EL ENEMIGO

Esa noche durmió aún menos que la víspera electoral, que ya es decir. Hay noches, igual que hay días, que no son cualquiera. Hay noches en las que todo lo que uno va desterrando al cuarto oscuro se precipita de golpe, como si un okupa lo asaltara en un descuido tonto del dueño. Cuando el sol comenzó a pulsar su código Morse por las rendijas de la persiana, se acordaba de todo.

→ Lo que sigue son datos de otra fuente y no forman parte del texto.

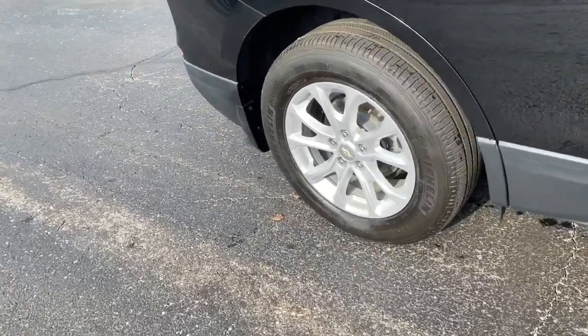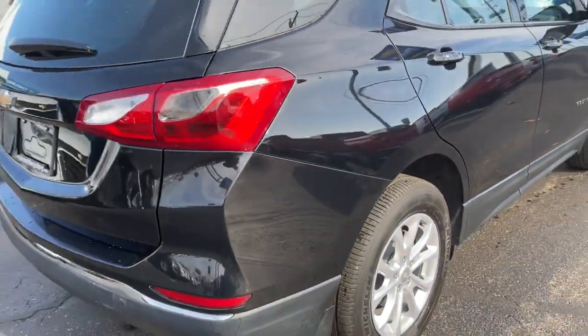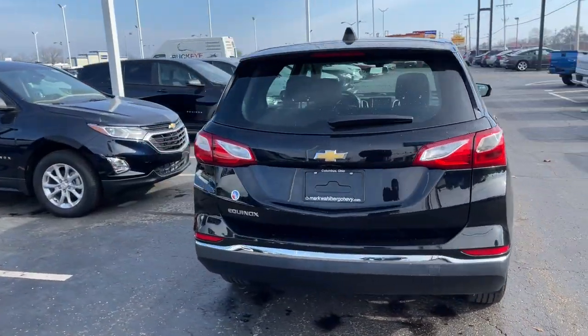The Chevrolet Equinox — the small SUV with a big spirit of adventure. Passenger-friendly, loaded with safety features, and great for hauling cargo, it's an ideal family car.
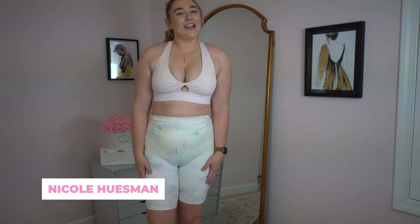Hello and welcome back to my channel. My name is Nicole Heisman and thank you so much for clicking on this video. Today I'm really excited to be reviewing and showing you guys a haul, completely unsponsored and unpaid for, from Fabletics. I have wanted to check out this brand for ages and I'm really excited to share everything with y'all. So without further ado, let's get started.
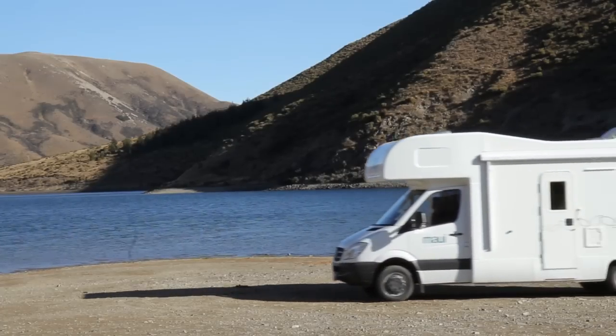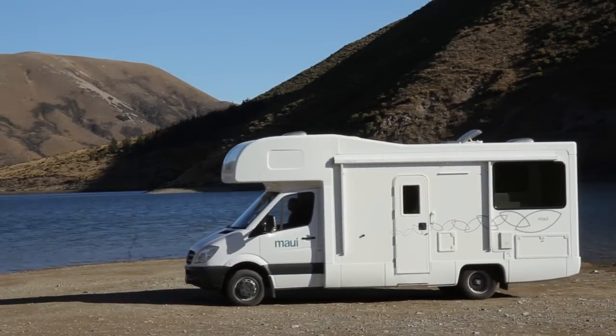It's important to note that you can't just camp anywhere you like in New Zealand. Most councils have laws against roadside camping, and failing to comply with these rules means that you can risk an instant fine.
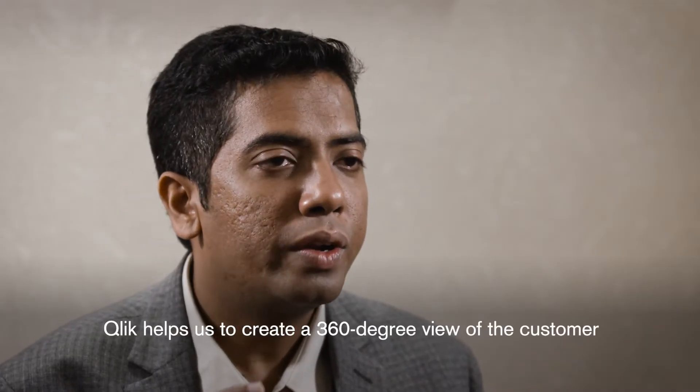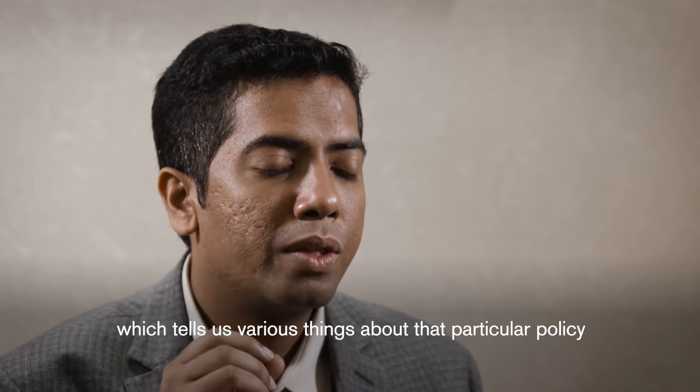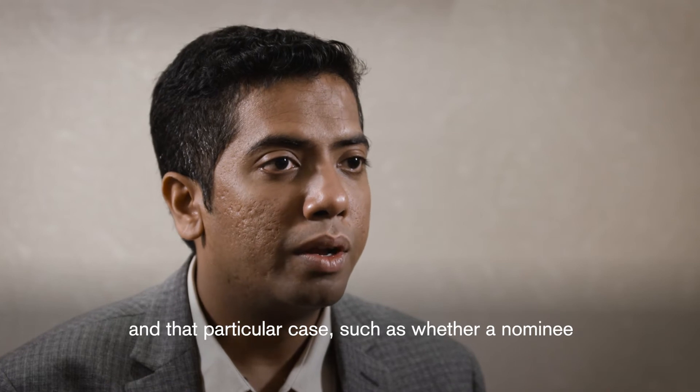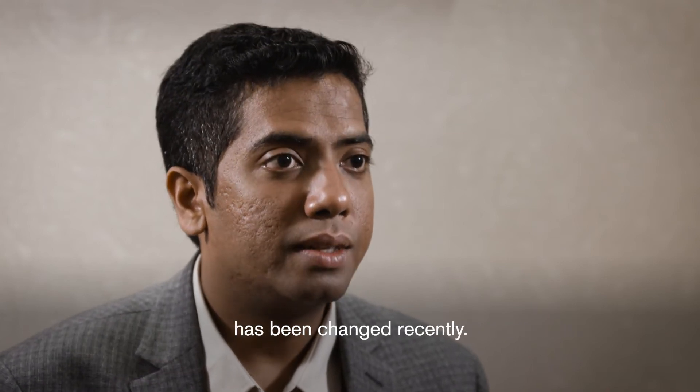What Click helps us do is we've created this Customer 360, which tells us about various things about that particular policy and case — for instance, has a nominee been changed recently.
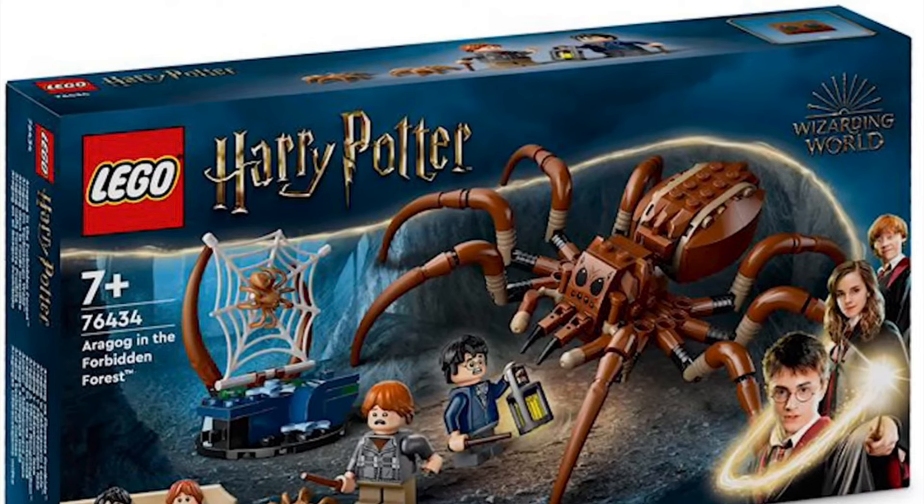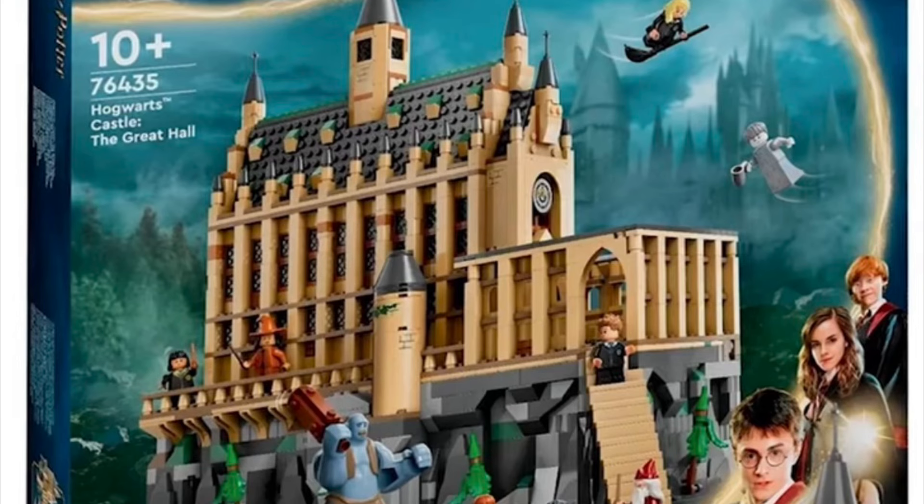Then we have the LEGO Harry Potter Aragog in the Forbidden Forest set 76434. Although it's nice to see updated versions of Aragog, Harry, and Ron from Chamber of Secrets, it just feels like an unnecessary set because we've already gotten a set which, in my opinion, is a little better than this one.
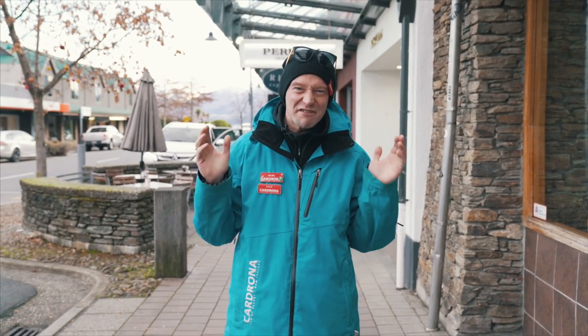Hey, good morning and welcome to Cardrona's first timer tutorial video. My name is Marky Mark and I'm going to take you through this step by step.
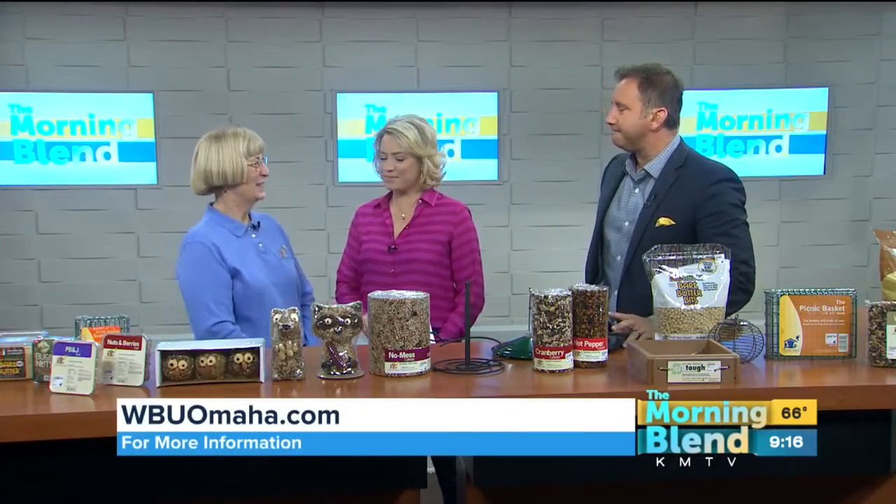What birds eat this time of year also switches up, and there are some new things to shop for. Back from Wild Birds Unlimited, Marge Knudson. Hi, Marge. Nice to meet you.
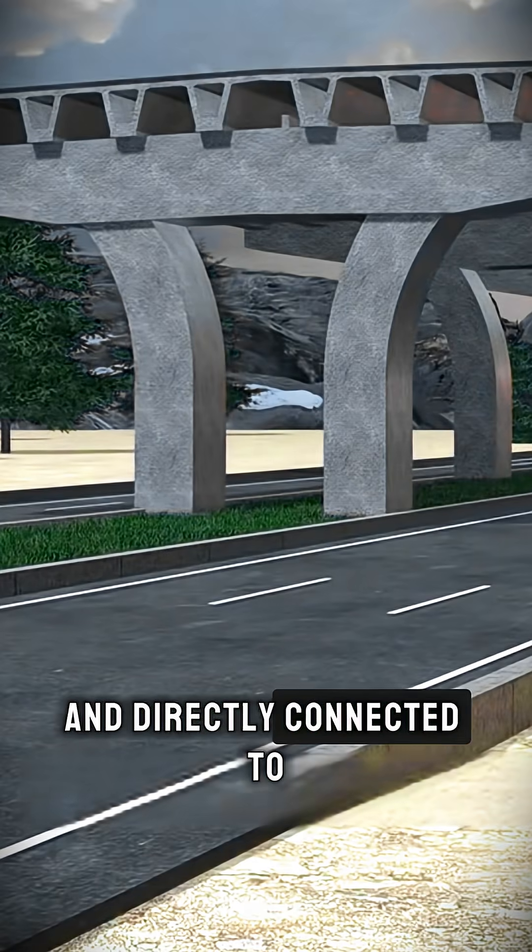This arched pier configuration ultimately created a structure that performs more efficiently, remains more stable, and saves both space and cost.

Del primer sueño. Cuando, a pie del balcón de la sede, y mientras se proclamaba ganador (según lo previsto), el centenar de fieles que lo vitoreaban al grito ciego de ¡presidente! se vieron asaltados por otros tantos que lo increpaban, convirtiendo en un abrir de ojos la calle en un campo de batalla, entre lemas rescatados del NODO (“¡No pasarán”, “¡Santiago y cierra España”,…) y banderas como sudarios, enarbolando cadáveres.
Del segundo. Cuando, mientras el conflicto se extendía por todo el país con algaradas violentas en cada plaza, el cielo empezó a desplomarse de este a oeste. Fue como si el incendio que los mapas del telediario dibujaban en las aguas del Mediterráneo, extendido a la tierra, tiñera de fuego la península, y, a la vez que abrasaba a cada votante, de uno u otro color (incluidos los que se abstuvieron, casi los más), resucitaba con su aliento de siglos todos los estratos fósiles bajo tierra. En años que en el sueño se comprimieron en segundos, una flotilla de dinosaurios remontó los vuelos, desayunándose a los pocos que quedaban (casi todos cargos de confianza de los candidatos, siempre preparados para lo peor), mientras olas gigantes dibujaban con manchas de agua el nuevo mapa patrio, tragándose las fronteras.
Del tercer sueño, sin embargo, solo tenía un vago recuerdo. Era pequeño, hacía calor, estaba en el pueblo, en una de esas tardes sudorosas de moscas rondando y botijo al aire. Era la hora de las historias, y su padre, sentado en su silla baja de enea a la puerta de casa, contaba a los vecinos cómo una vez, hacía muchos años, en un país llamado España, de cuyo nombre no quería acordarse, los unos y los otros (esos que desde Goya se pintaban en negro a garrotazos), fueron capaces de sentarse a la puerta de la casa grande y, tras levantar la vista al cielo, empezar a hablar. Conscientes de que esa mancha lejana que emborronaba el sol solo podía ser un enjambre de dinosaurios redivivos, y de que solo buscando lo que les unía podrían ahuyentarlos. Y, quién lo iba a decir, contra viento y marea, lo consiguieron.
Nada más salir de la cama, marcó el número del otro (aunque hacía tanto que ni se acordaba, fue fácil, solo tuvo que buscar “enemigo” en Contactos). Ese fue el cuarto sueño.